Je lui ai demandé quelle était sa fonction, et il m'a répondu: infirmier. Je lui ai demandé combien d'infirmiers il restait dans la compagnie après que nous ayions traversé le pont de Remagen. Il m'a répondu qu'il était le dernier, car les autres avaient été blessés. Nous avons conclu qu'il était l'infirmier qui m'avait soigné le matin où j'avais été blessé. C'était incroyable.»
Revenu au pays à St. Louis (Missouri) après la guerre, Frank Borghi fit donc partie, cinq ans plus tard, des cinq joueurs amateurs de la ville envoyés disputer la Coupe du monde. «Deux d'entre eux avaient un autre point commun: Wallace avait passé plus d'un an dans un camp de prisonnier de guerre allemand après que son tank ait pris feu à Anzio et Borghi avait été décoré pour son travail comme infirmier au front au Normandie», écrit l'historien David Wangerin dans son livre consacré à l'épopée du soccer aux États-Unis.

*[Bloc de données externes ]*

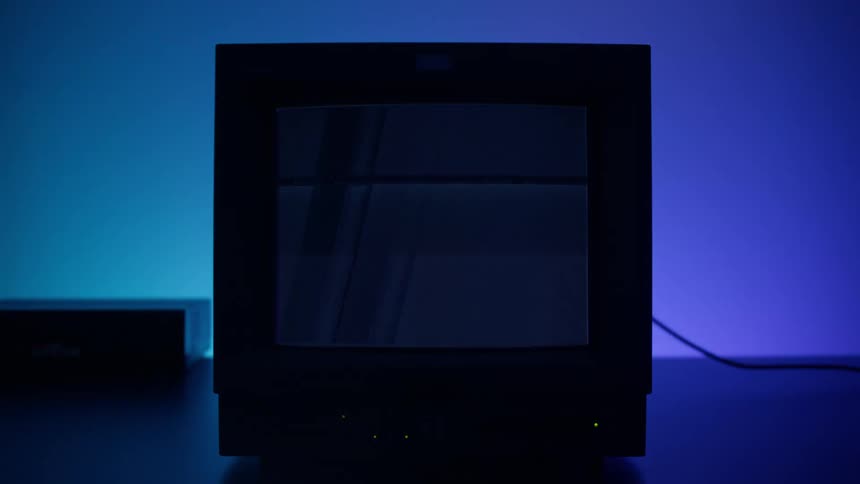 A small television displays flickering as rainbow colors glow from behind it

Un résumé du match avec des témoignages d'époque.
Cette participation à la Coupe du monde déboucha sur une victoire totalement inattendue des Américains contre le favori anglais à Belo Horizonte lors de la phase de poule, le 29 juin 1950 (1-0). Une des plus grandes surprises de l'histoire de la compétition dont les deux principaux artisans furent un buteur haïtien naturalisé, Joe Gaetjens, qui mourut quinze ans plus tard exécuté par les milices de «Papa Doc» Duvalier, et Borghi.

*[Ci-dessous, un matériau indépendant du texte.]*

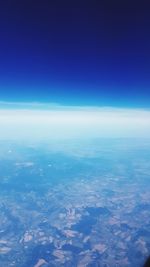 Aerial view of sea and landscape against blue sky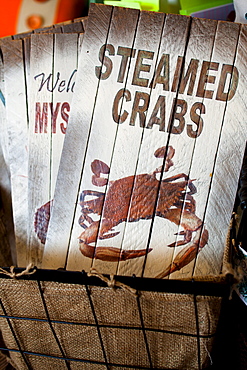 ROCKPORT, TEXAS, USA. A detail image of a sign that says "Steamed Crabs"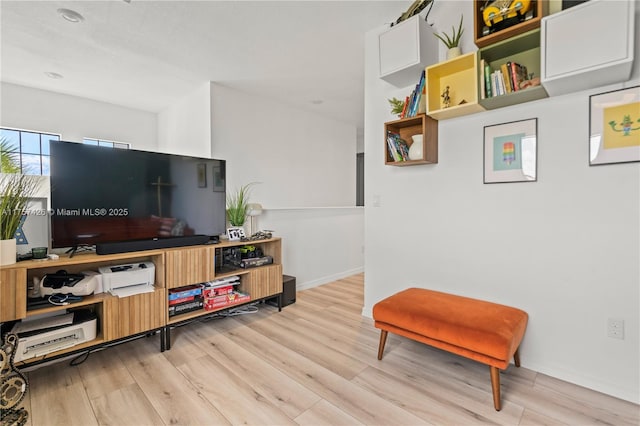 living area with baseboards and wood finished floors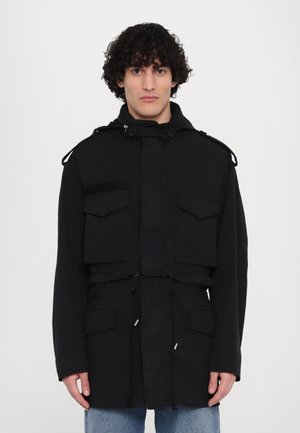 Must-haves mustarjää kinnaste kabrak, kus kõrgema kraega ja esiväikeste taskutega, jooned alati ihurihmaga ja nööbid õlgadel. Kangas tundub tugev ja tekstureeritud.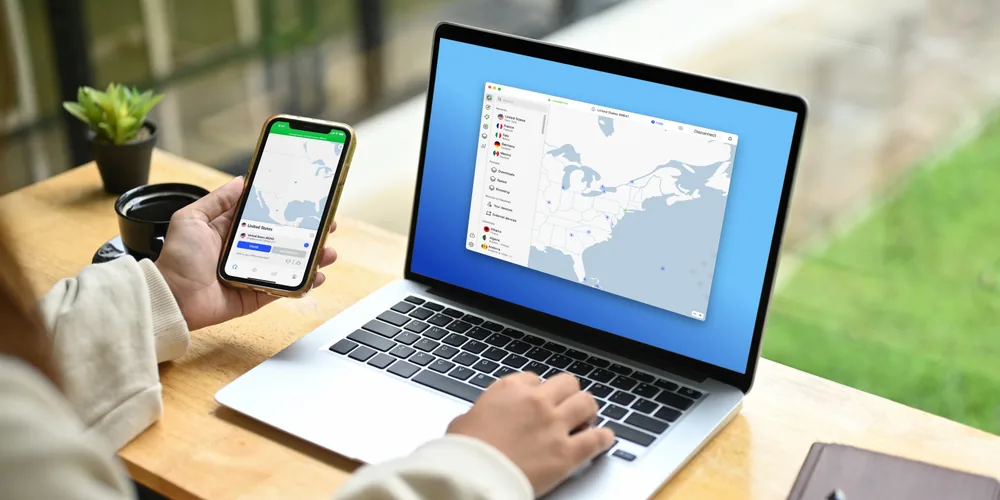 A traveller using the NordVPN app on a phone and a laptop at the same time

«J'espérais les limiter à quelque buts», expliquait le gardien en 2009 au St. Louis Post Dispatch. «Peut-être quatre ou cinq.» Ce fut donc zéro, grâce à de très nombreuses parades, dont, explique le livre Unofficial World Champions, «trois arrêts très peu conventionnels du visage».
Après le match, les joueurs furent portés en triomphe par la foule. «Un type a essayé de me porter. Il avait un peu bu, donc je pense qu'il n'a pas ressenti la douleur», se souvient Borghi dans une interview que vient de publier le site de la chaîne ABC 30.
Le joueur, croque-mort dans le civil (il a conduit à leur dernière demeure plusieurs de ses coéquipiers), revint ensuite dans l'anonymat avec le reste de l'équipe aux États-Unis, où cet exploit fut très peu remarqué. Il est aujourd'hui, à 89 ans, un des deux derniers survivants de cette sélection pionnière.
Morte de honte après cette défaite, au point qu'elle ne porta plus jamais les maillots bleu nuit arborés ce jour-là, l'Angleterre, elle, retrouvera Belo Horizonte le 24 juin. Mais, heureusement pour elle, pas dans le même stade ni contre les États-Unis, mais le Costa Rica.